These fringe characters sparkle with life, but they are presented as so twisted and so focused on sex and sex alone that it seems obvious that Tyger sides moreso with Glass, the “villain” of the tale. Confronted with such rampant sleaze and sin, such overwhelming inhummanity, it’s no wonder he lashes out; though to be sure he lashes out in monstrous ways. Bombing, shooting (with silver-tipped bullets), even strangling the various members of the sexual underworld, Glass is the only character in the novel who makes the narrative move, the only one who doesn’t sit around and spin endless stories. Meanwhile O’Shay sips more Glenfiddich and shows up to look over the ensuing crime scenes.

One interesting aspect of Hellfire is how markedly different our current world is. O’Shay drops the fact that, as of 1987, tattoo parlors were still illegal in NYC – surely not the case today, when friggin’ everyone and their goddamn dog has a tattoo (I'm not the only guy who's sick of seeing tattoos all over women, am I??). In this novel, porn shops, massage parlors, S&M clubs, and etc are all shadowy underworld places that are far removed from mainstream America. Compare to today, where porn stars get their own reality TV shows. Glass obviously believes that all of this sin and corruption is destroying his beloved US…though exactly how he became such a moral crusader is something Tyger leaves vague.

There are only a few “action” scenes per se, the majority of them from Glass’s viewpoint as he guns down defenseless whores or bystanders.
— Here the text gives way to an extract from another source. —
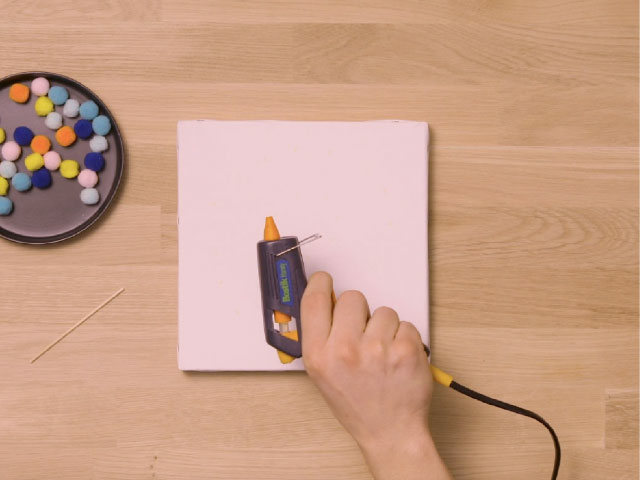 Bostik DIY Singapore How To Use Inspired Glue Gun Step 3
We see him carry out a few of his objectives, planting bombs, murdering a Larry Flynt-type, putting on his Lone Ranger costume and driving into the drug-dealing area of Times Square and blowing away people in a bar. One issue though is that the people harmed are presented as so thoroughly despicable that you feel little sympathy.
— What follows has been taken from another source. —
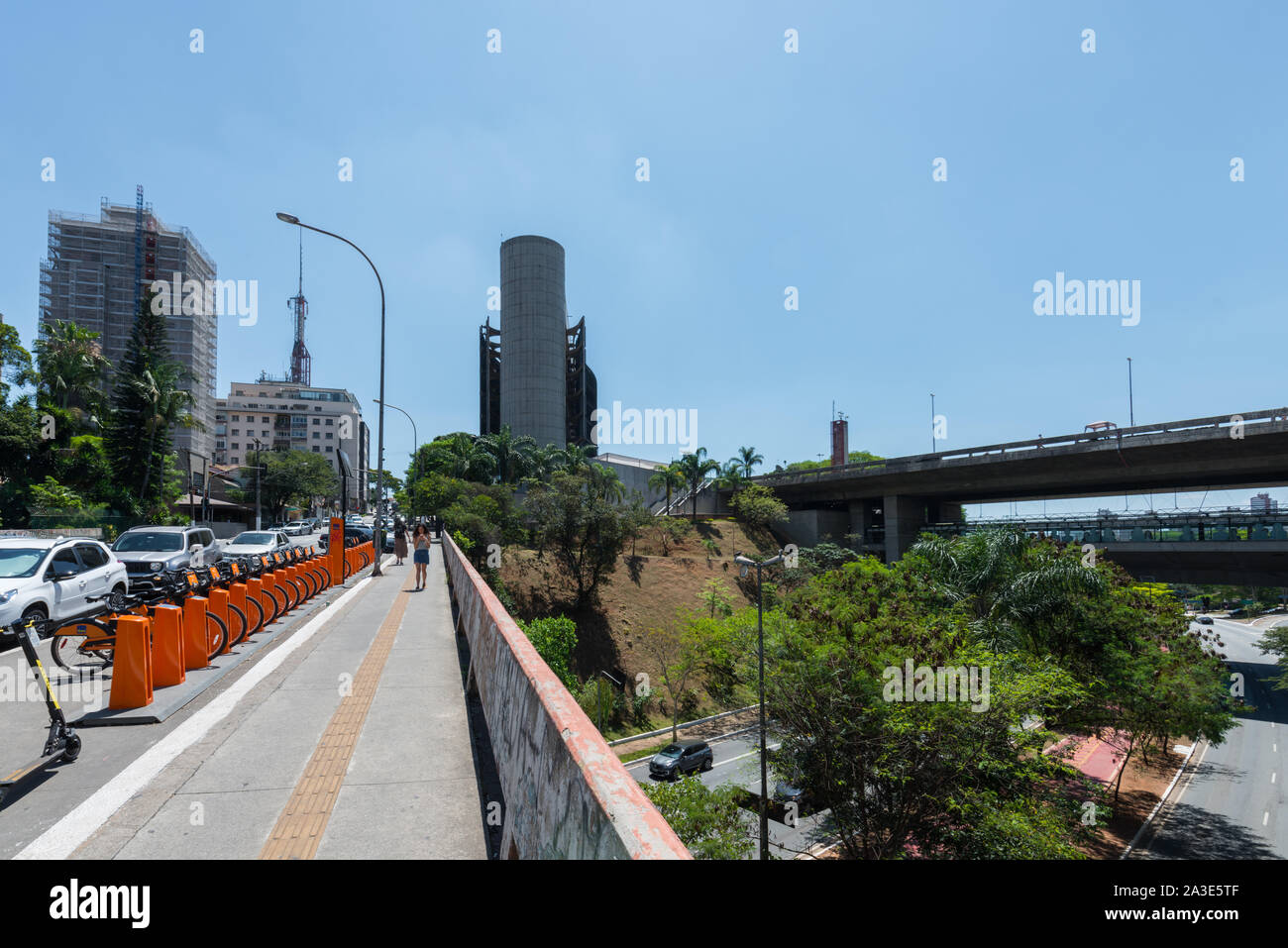 SAO PAULO, BRÉSIL - 05 octobre, 2019, grand angle : photo d'une rue publique à proximité de la station de métro Sumaré pendant journée ensoleillée à Sao Paulo, Brésil Banque D'Images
For example there’s Natalia Stein, a heavyset and lesbian reporter who inadvertently brought down Glass’s wrath with her sex club expose that was printed in the New York Times. Stein, a thankfully minor character, is presented as such a loathsome individual that when, toward the very end of the novel, she is partly disfigured by a package bomb Glass mails her, you still can’t stand her, as she’s right back into talking about how much money she’ll make from her upcoming “Masked Man” book while she bitches at her female assistant/lover, Jan. (That being said, Stein does here have one of the best lines of the novel: “Who do you think you are, Jan? I’m Natalie Stein! You’re nobody! You’re a glamorized go-fer and a mediocre cunt-lapper – and that’s all you’ll ever be!”)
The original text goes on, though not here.